The Surge: A Military History
- Author: Kimberly Kagan
- Language: English
- Subject: Iraq War troop surge of 2007
- Genre: Nonfiction: Military history
- Publisher: Encounter Books
- Publication date: October 2008
- Publication place: United States
- Media type: Hardcover
- Pages: 282
- ISBN: 978-1-59403-249-3
- OCLC: 227030629
- Dewey Decimal: 956.7044/342 22
- LC Class: DS79.76 .K33 2009

= The Surge: A Military History =

The Surge: A Military History is a military history by Kimberly Kagan about the Iraq War troop surge of 2007. The book describes events in Iraq starting from late 2006, before the surge, to early 2008, focusing on the details of military operations on a week by week basis. It was described as "indispensable guide" to the understanding of American military successes in Iraq by Senator John McCain.
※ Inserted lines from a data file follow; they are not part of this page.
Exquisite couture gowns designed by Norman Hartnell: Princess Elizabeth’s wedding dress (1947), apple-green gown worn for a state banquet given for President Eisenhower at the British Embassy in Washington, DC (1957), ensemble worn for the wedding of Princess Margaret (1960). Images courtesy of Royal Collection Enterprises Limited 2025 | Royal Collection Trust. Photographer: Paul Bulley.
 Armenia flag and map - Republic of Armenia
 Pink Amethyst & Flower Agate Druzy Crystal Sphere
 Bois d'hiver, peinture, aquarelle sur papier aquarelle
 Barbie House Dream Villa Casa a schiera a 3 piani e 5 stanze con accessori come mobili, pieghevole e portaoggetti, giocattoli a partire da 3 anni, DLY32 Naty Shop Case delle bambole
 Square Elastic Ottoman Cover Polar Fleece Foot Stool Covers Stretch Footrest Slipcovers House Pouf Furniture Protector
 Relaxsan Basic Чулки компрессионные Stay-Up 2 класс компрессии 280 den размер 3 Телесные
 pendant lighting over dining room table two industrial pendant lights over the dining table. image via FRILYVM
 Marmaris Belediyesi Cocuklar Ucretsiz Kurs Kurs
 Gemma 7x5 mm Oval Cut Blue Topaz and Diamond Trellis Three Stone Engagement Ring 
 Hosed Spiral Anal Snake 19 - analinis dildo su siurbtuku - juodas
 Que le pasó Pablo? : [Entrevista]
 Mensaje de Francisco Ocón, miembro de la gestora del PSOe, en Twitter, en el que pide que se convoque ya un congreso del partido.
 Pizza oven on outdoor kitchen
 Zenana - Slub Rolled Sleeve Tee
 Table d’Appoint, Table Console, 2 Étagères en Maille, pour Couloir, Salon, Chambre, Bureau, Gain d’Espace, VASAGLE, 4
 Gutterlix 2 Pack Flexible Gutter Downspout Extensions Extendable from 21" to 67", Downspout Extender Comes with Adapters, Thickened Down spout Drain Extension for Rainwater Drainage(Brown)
The book focuses on "operational art" rather than grand strategy or the personal emotional experiences of combat. The book devotes separate chapters to operations in different areas, proceeding in an approximately chronological fashion, giving attention to operations conducted at the brigade and battalion level, as well as decisions undertaken at higher levels such as those by General Odierno in Operation Phantom Thunder.

Although the book was marred by stylistic and grammatical errors, it was considered by reviewers to be "essential reading" and a "valuable resource" for military professionals, although one reviewer warned that it was not for the casual reader. It was criticized for not giving attention to the role of new technologies in tracking operations as they unfolded.